■ Brief: Strip the pictures and reproduce the rest of the listing exactly.

■ Data shown:
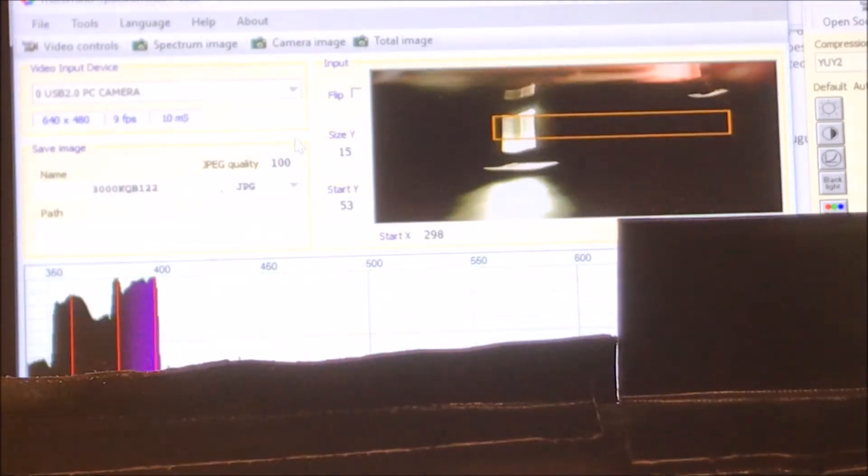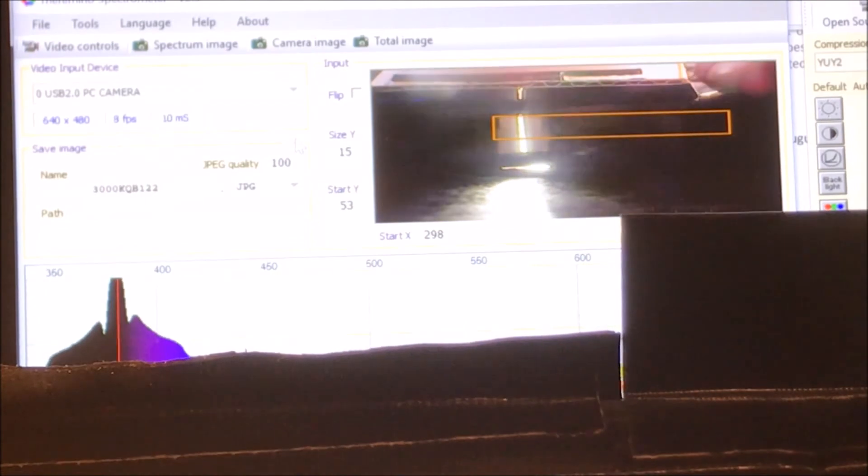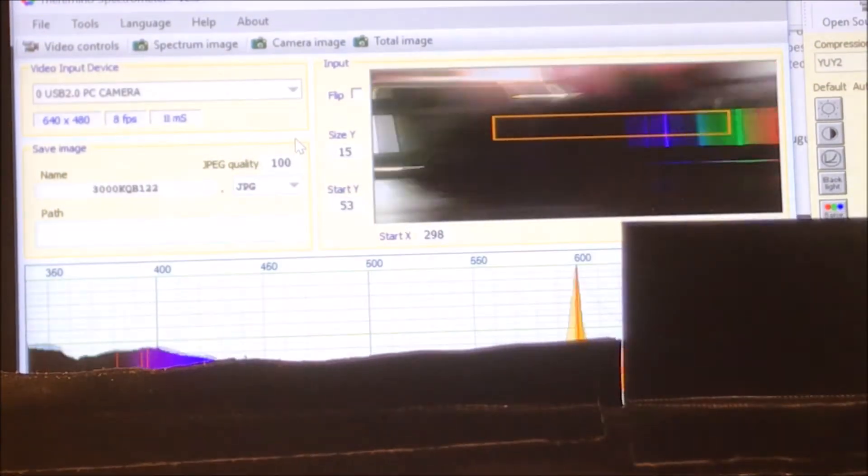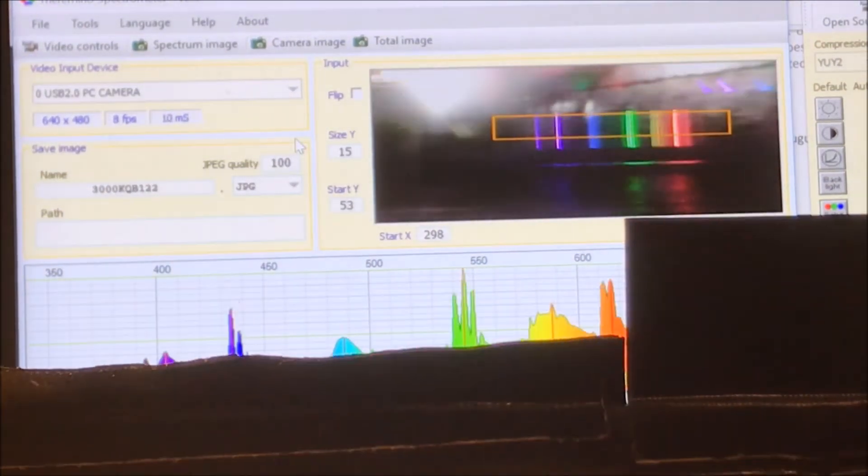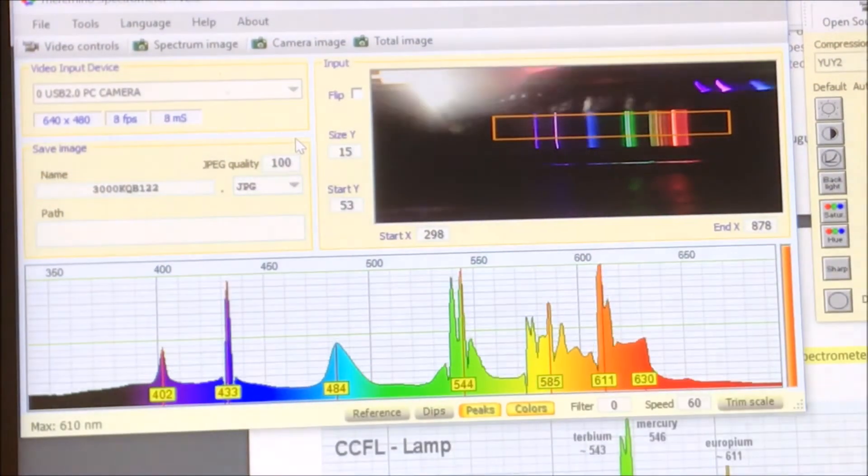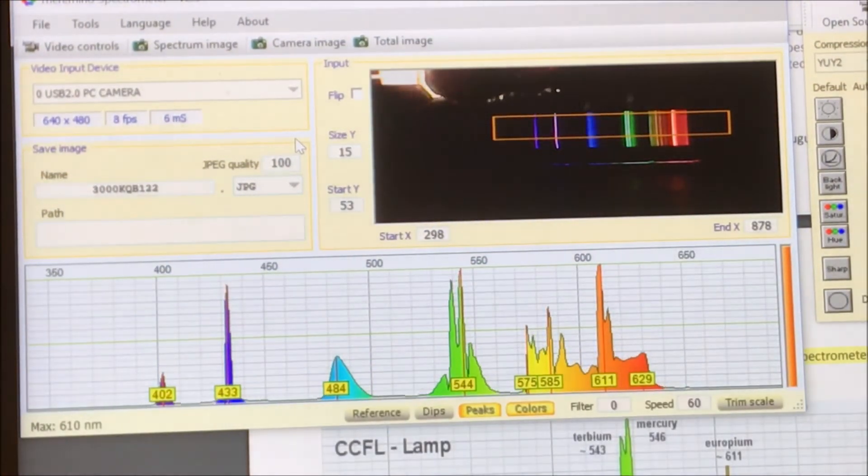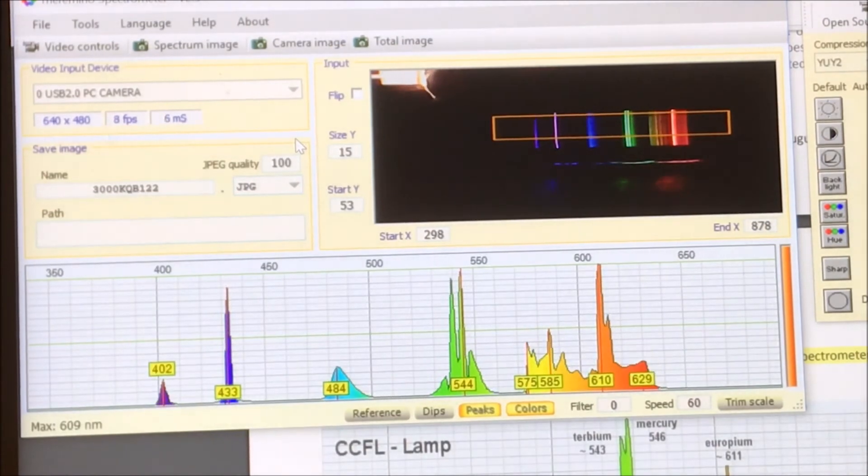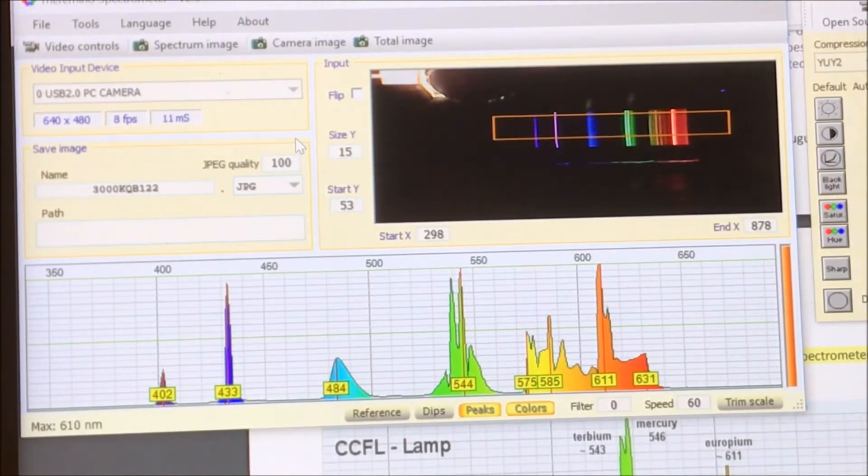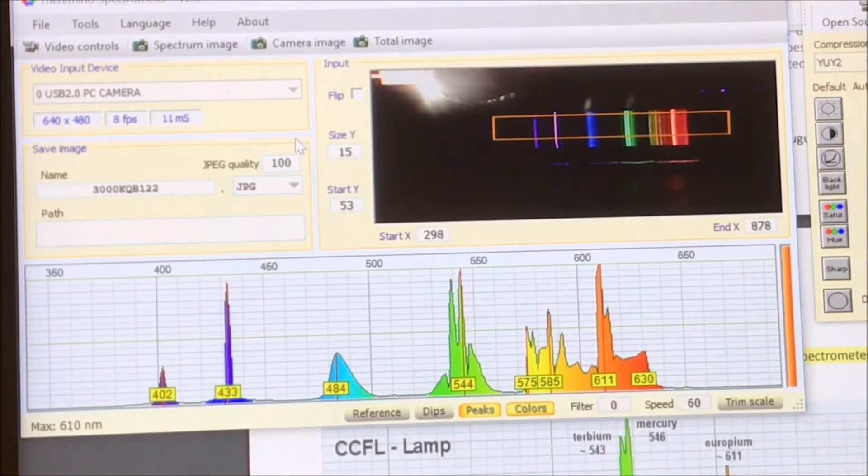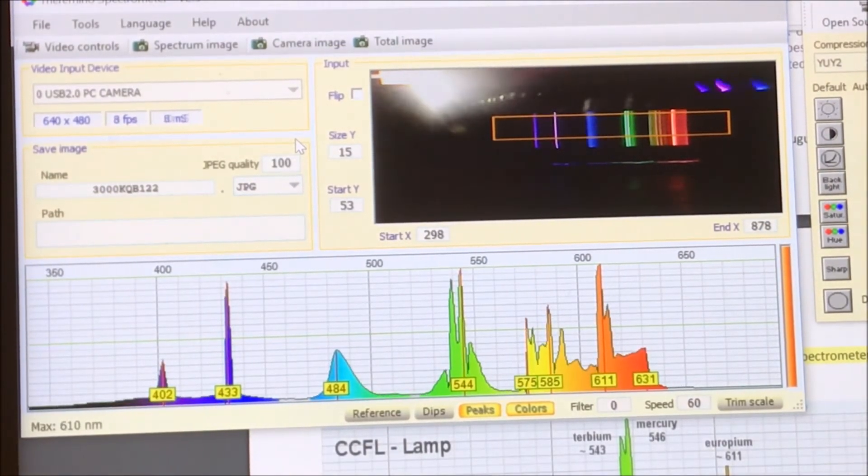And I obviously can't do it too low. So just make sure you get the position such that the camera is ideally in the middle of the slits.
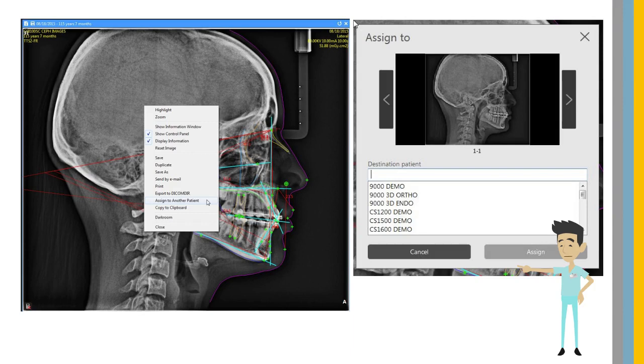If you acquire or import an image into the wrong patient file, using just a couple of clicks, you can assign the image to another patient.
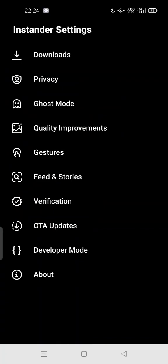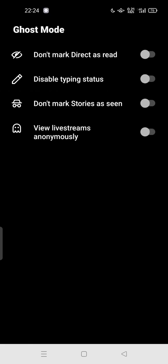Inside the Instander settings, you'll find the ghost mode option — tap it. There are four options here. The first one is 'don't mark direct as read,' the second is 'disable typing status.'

■ Task response:
And I obviously can't do it too low. So just make sure you get the position such that the camera is ideally in the middle of the slits.
If you acquire or import an image into the wrong patient file, using just a couple of clicks, you can assign the image to another patient.
Inside the Instander settings, you'll find the ghost mode option — tap it. There are four options here. The first one is 'don't mark direct as read,' the second is 'disable typing status.'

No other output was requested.